W poniedziałek (1 lipca) o godz. 7.39 do strażaków wpłynęło zawiadomienie o ogniu w lesie w Białych Błotach.
- Przypadkowo przechodzący mężczyzna zauważył w lesie ogień. Ktoś prawdopodobnie zorganizowała sobie w tym miejscu ognisko i go nie dogasił. Na szczęście, zostaliśmy w porę zawiadomieni. Dogasiliśmy ognisko nim sytuacja mogłaby być bardzo poważna - poinformował nas oficer dyżurny ze stanowiska dowodzenia KM PSP w Bydgoszczy.

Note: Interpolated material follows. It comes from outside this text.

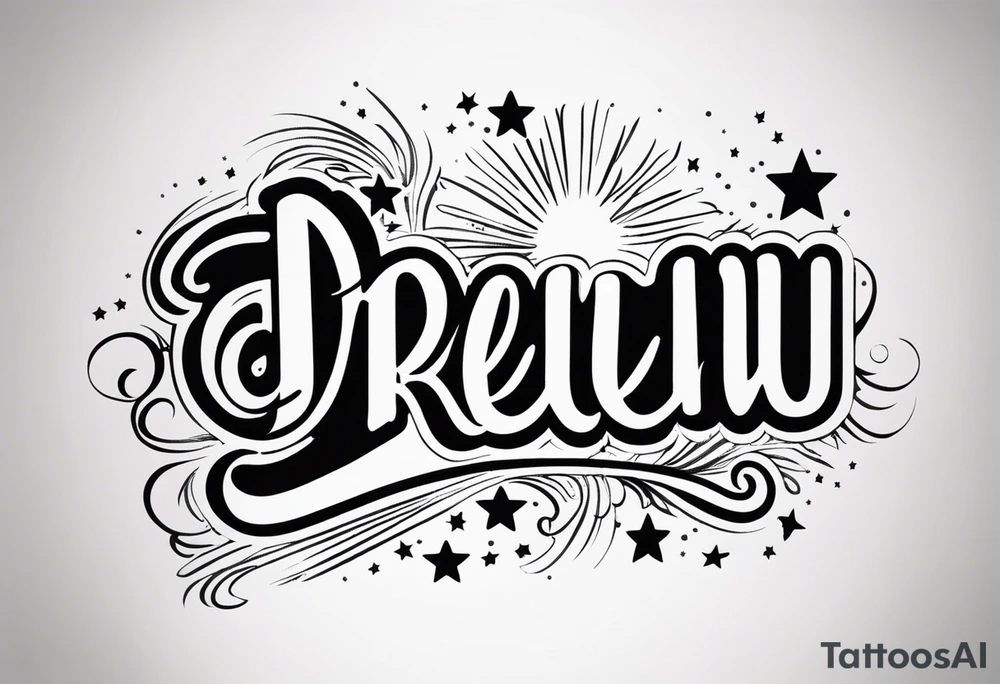 The name Drew with stars tattoo idea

Dwa zastępy straży pracowały na miejscu. Strażacy apelują o rozwagę! - W okresie upałów i suszy, jaki mamy teraz, leśne poszycie i drzewostany są wyschnięte na wiór i naprawdę wystarczy iskra, by ogniem został zajęty rozległy obszar leśny - mówi oficer dyżurny.

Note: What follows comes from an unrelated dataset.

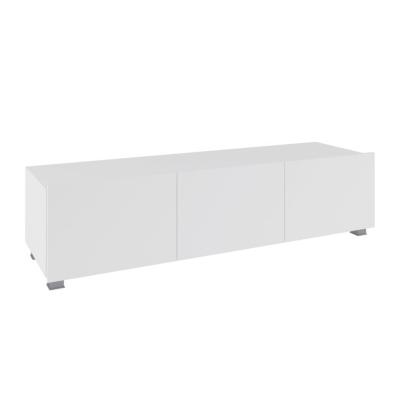 TV stolík 150 cm CHEMUNG - biely / lesklý biely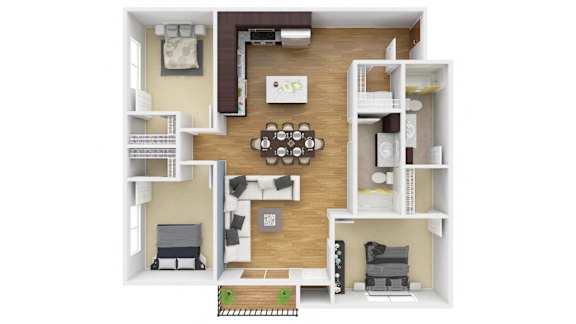 a floor plan of a house with a wood floor. Circle Pines, MN Lexington Lofts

Przypominamy, że zgodnie z ustawą o lasach - na terenach leśnych, śródleśnych oraz w odległości do 100 metrów od granicy lasu nie wolno rozpalać ognisk. Miejsca, gdzie można rozpalać ogniska, wyznacza nadleśniczy. - Kto na terenie lasu, na terenach śródleśnych, na obszarze łąk, torfowisk i wrzosowisk, jak również w odległości do 100 m od nich roznieca ogień poza miejscami wyznaczonymi do tego celu albo pali tytoń, z wyjątkiem miejsc na drogach utwardzonych i miejsc wyznaczonych do pobytu ludzi, podlega karze aresztu, grzywny albo karze nagany - tak mówi art. 82 § 3. Kodeksu wykroczeń. Nadleśniczy może nałożyć mandat od 20 do 5000 złotych!
Dopiero co w niedzielę (30 czerwca) bydgoscy strażacy walczyli z pożarem lasu w Fordonie w okolicach Centrum Onkologicznego. Z ogniem walczyło aż 12 zastępów straży, akcję gaśniczą wspomagały tez dwa samoloty. Wstępnie szacuje się, że spłonęły blisko 2 hektary lasu i poszycia leśnego. Prawdopodobną pożaru było podpalenie.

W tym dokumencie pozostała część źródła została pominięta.